城平京『名探偵に薔薇を』創元推理文庫 1998年

 「そんな安易な物語に全てを帰すな。因果,運命,そんなものに責任を負わせるな。そんなものを認めてどうする。人は因果や運命にくくられ,自らの意志,自らの努力,自らの足では未来は創れないというのか。・・・・私は――私は認めない。」(本書より)

 本書は2部構成になっています。
 「第1部 メルヘン小人地獄」は,マスコミに送られてきた不気味な童話『メルヘン小人地獄』,その猟奇的な内容を見立てたごとく起こる連続殺人事件。それは30年以上前につくられたという完璧な毒薬「小人地獄」がもたらした因果の結末なのか? 完全なアリバイを有する最有力容疑者に挑む,名探偵・瀬川みゆき・・・といった内容です。
 おどろおどろしい因縁譚,猟奇的な見立て殺人,完璧なアリバイ,そしてそれらを鮮やかに解き明かす神のごとき名探偵。まさに往年の本格ミステリに対するオマージュに満ちたような作品です。文体もどこか大仰で,意識的に「そういった雰囲気」を出そうとしている気配が濃厚です。ですから謎解きはそれなりに楽しめましたものの,真相はあまりにオーソドックスという感じで,「あ〜あ,また例によってアナクロっぽい新本格か・・・」などと思っていました。
 ところが「第2部 毒杯パズル」になるとちょっと様子が変わります。舞台は「第1部」と同じ藤田家。定例のお茶会で,家庭教師の山中冬実が毒殺された。使われた毒は「小人地獄」。問題は誰が,何のために,ポットに毒を入れたのか? 解決を依頼された瀬川みゆきは,真相を見抜いたと確信するのだが・・・,というお話。

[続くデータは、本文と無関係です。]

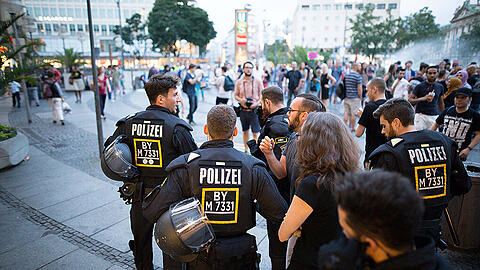 Am Montagabend fand die Pegida-Kundgebung am Stachus statt. Es kam dabei auch zu einer Gegendemonstration. Die Polizei musste eingreifen. Die Bilder.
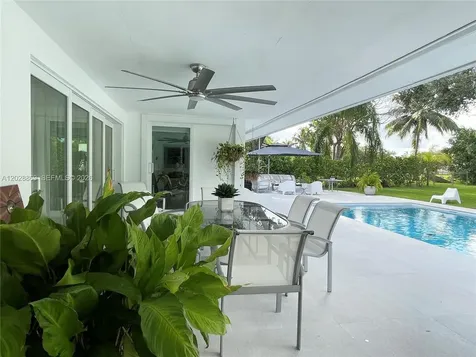 9121 SW 85th Street Miami FL 33173
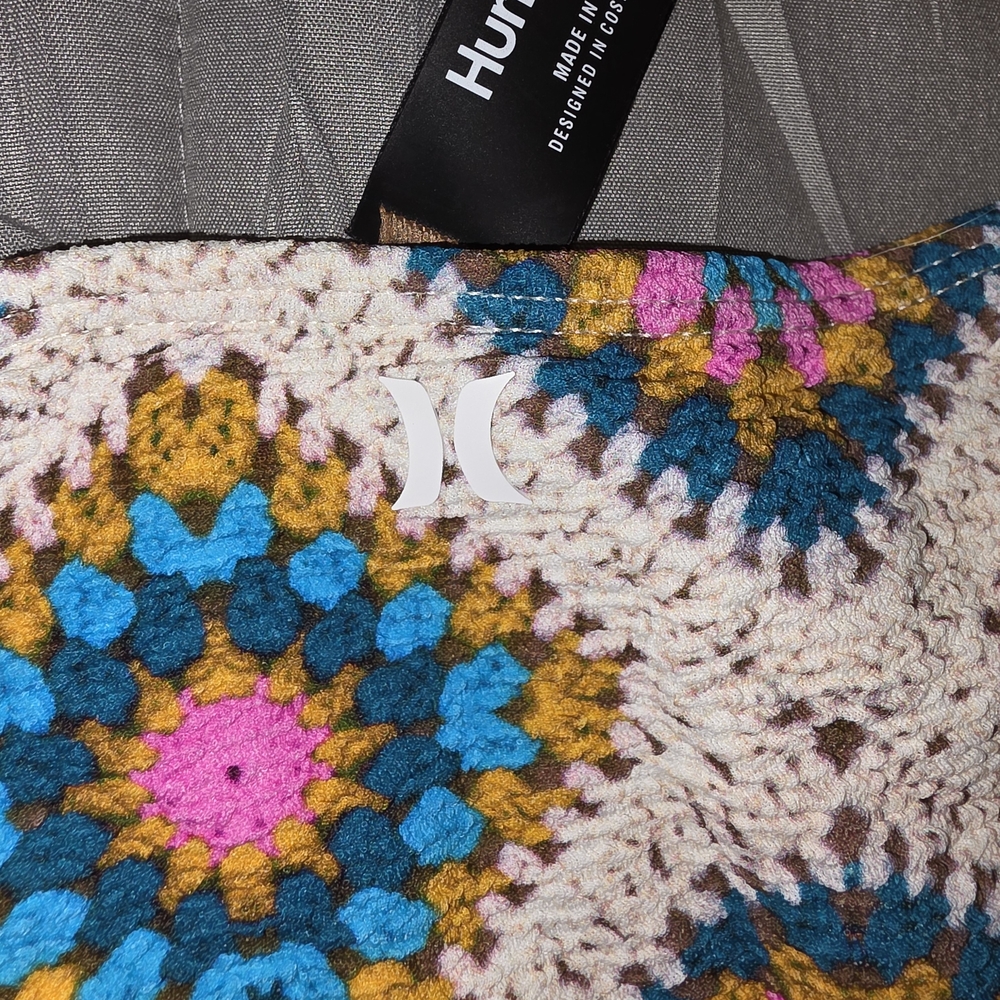 Hurley Crochet Bikini Set with Colorful Pattern - Picture 8 of 9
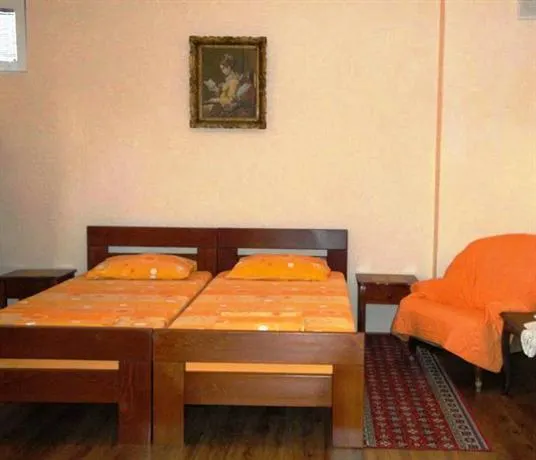 Hostel Atlantik - Image 1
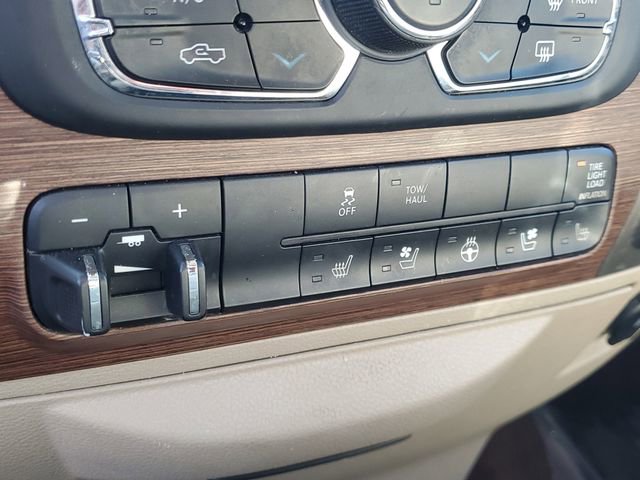 Used 2013 RAM 2500 Laramie w/ Protection Group image 34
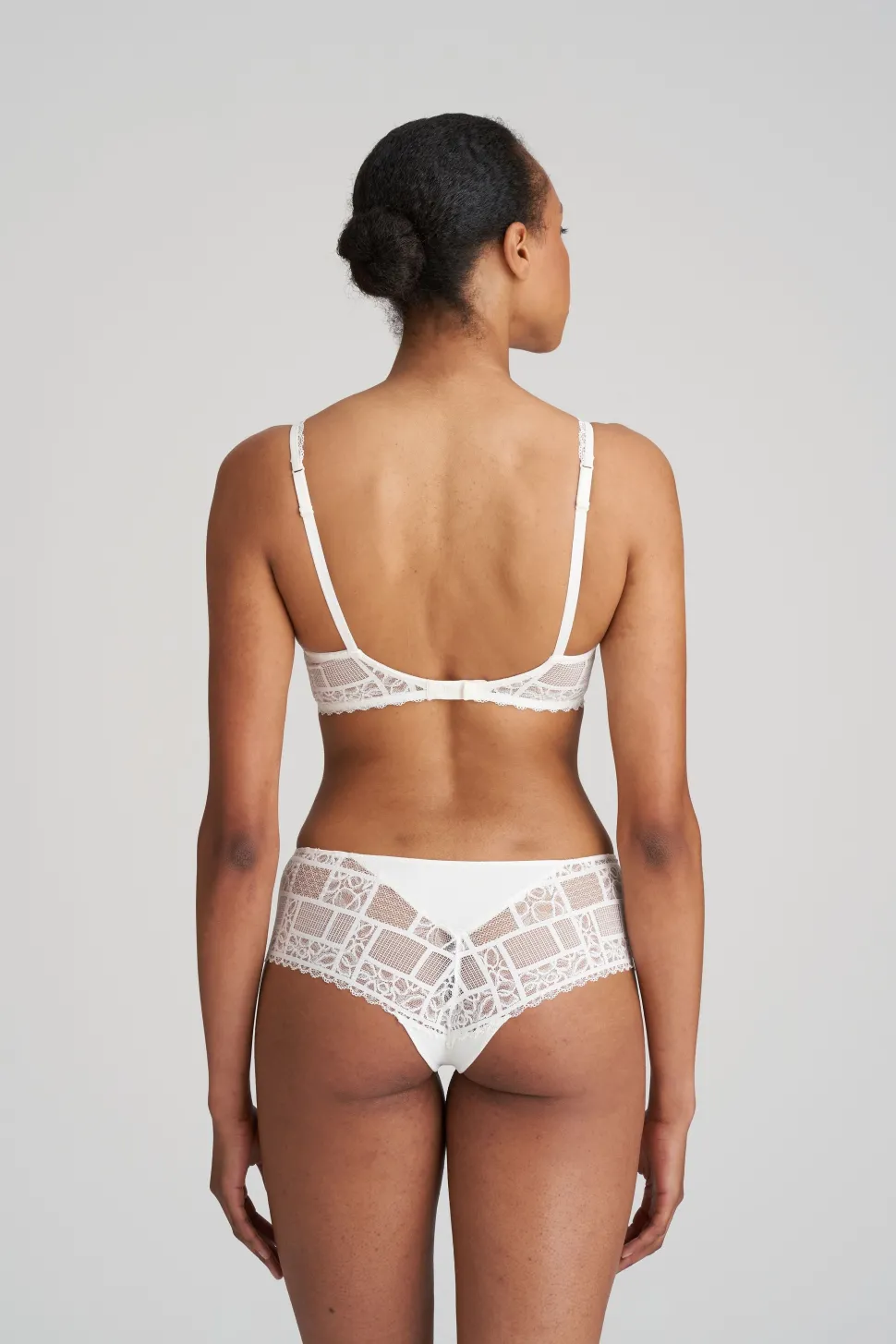Jadei Hotpants- Natural: Size S, L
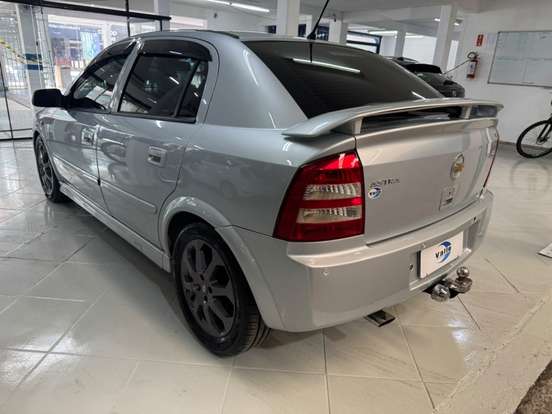 CHEVROLET-ASTRA-2.0 MPFI ADVANTAGE 8V FLEX 4P AUTOMÁTICO CHEVROLET-ASTRA-2011
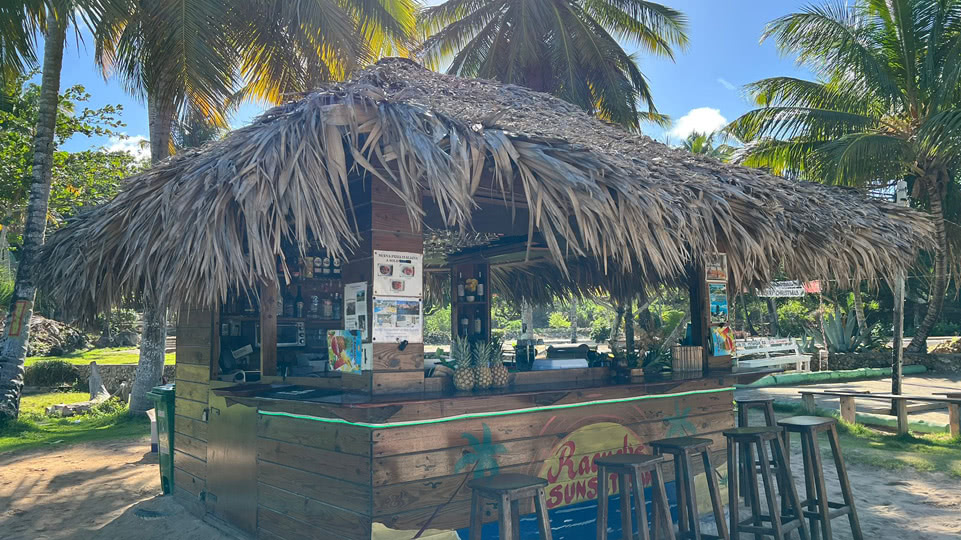 dr-besuch-susanne-teil2-beach-bar
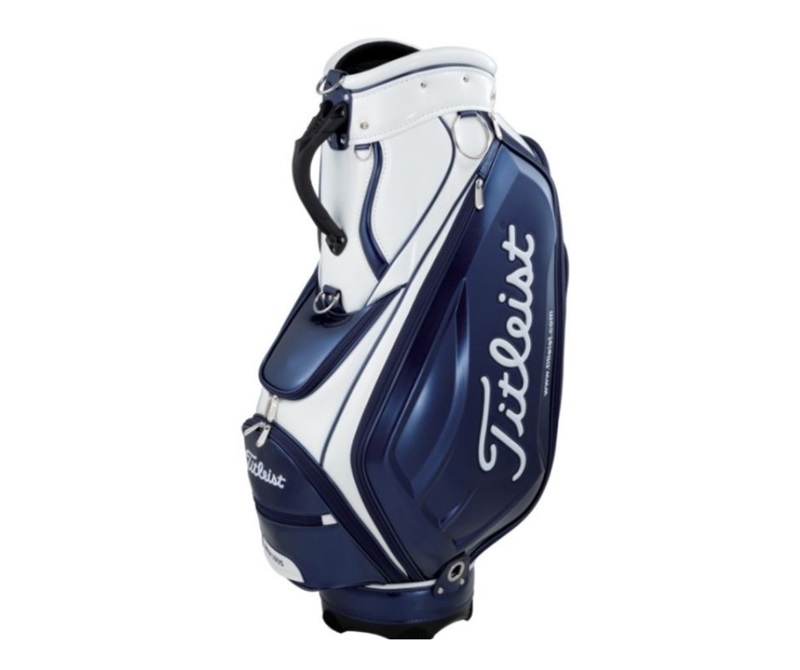 Sản phẩm được làm từ chất liệu da cao cấp, giúp bảo quản tối đa cho gậy golf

 文体も普通で(というのも変ですが),いったん明らかにされた“真相”の裏にもうひとつの“真相”が,さらにその背後に,ついでにその底に・・・,と「第1部」と違って,事態が二転三転する展開はスピーディです。そしてそれとともに瀬川みゆきが,なぜ名探偵であるのか? いやさ,真実を見いだすことにより,多くの関係者が傷つき,なにより瀬川自身が深い傷を負うにも関わらず,名探偵であり続けるのか? が語られます。
 たしかに「解説」で指摘されているように,第2部で明らかにされる「真相」は,前例のあるものなのかもしれません(わたし自身,似たような作品を最近読んだ記憶があります)。しかし,名探偵の存在理由と深く結びついた形で提示される第2部の「真相」は,新鮮な印象を与えるとともに,より深い余韻を味わせるものではないかと思います。

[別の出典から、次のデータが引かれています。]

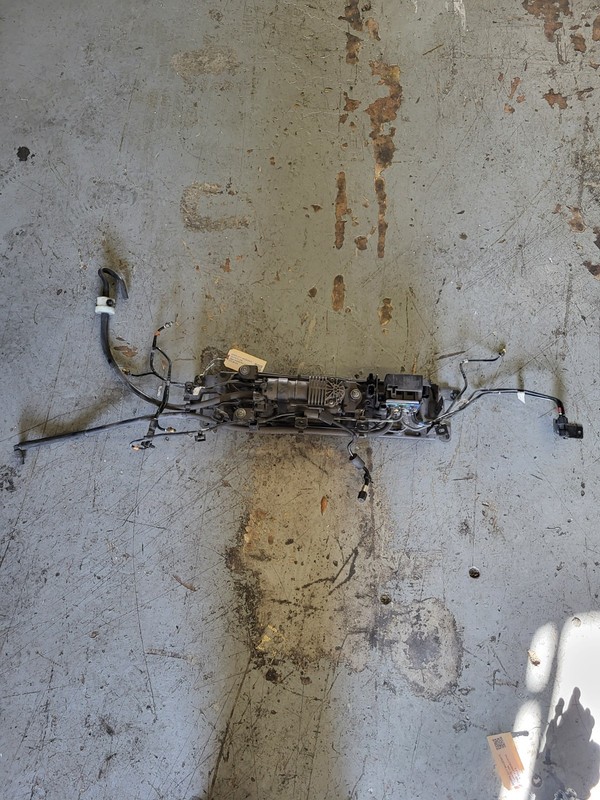Used Oem Maserati Air Ride Suspension Compressor Pump 2017-2020 Levante 3.0L AWD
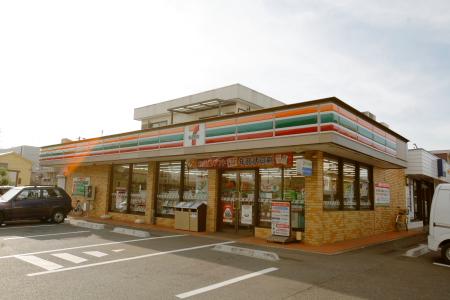 Convenience store. Seven-Eleven Soka Hikawa to the central shop 806m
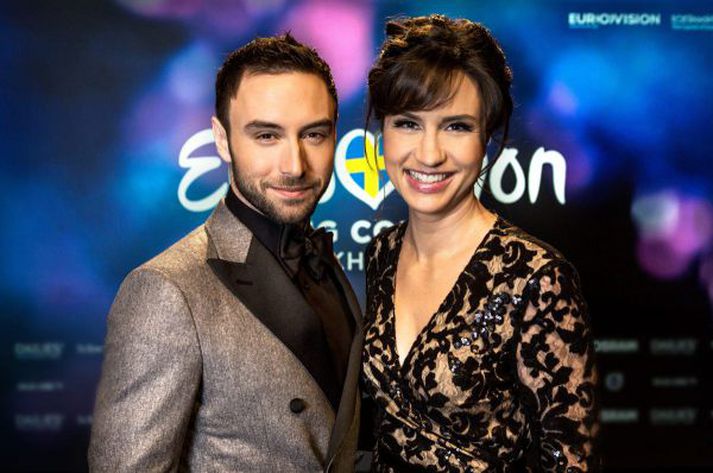 Sigurvegari síðasta árs, Måns Zelmerlöw , og Petra Mede, kynnir keppninnar árið 2013, verða kynnar keppninnar í ár.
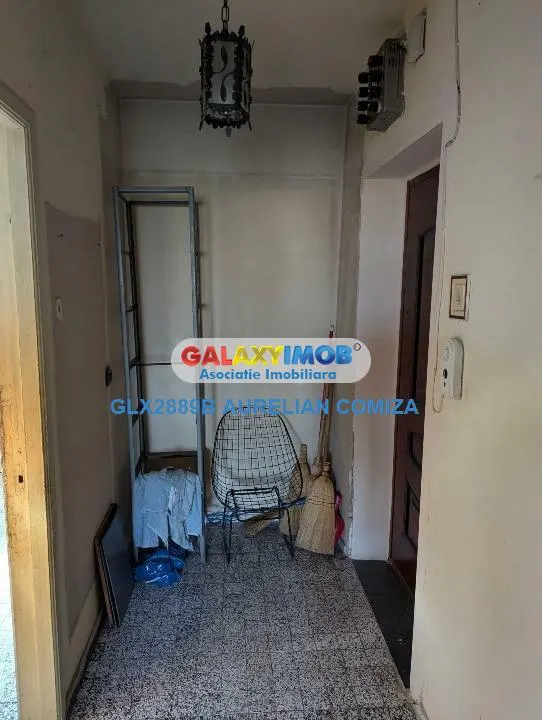 Vanzare apartament 4 camere zona Domenii/Agronomie etaj 4/4 decomandat - foto 4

 また冒頭に挙げた言葉。ことさらに仰々しく,また因果に満ちた物語である「第1部」は,まさにカウンタとしてのこのセリフを引き出すためのものだったのかもしれません。それゆえ,「第1部」と「第2部」はコントラストが鮮やかで,そのコントラストゆえに「第2部」でのテーマ,おそらくは本書のテーマが生きてくるのではないでしょうか? この作者,なかなかのテクニシャンですね。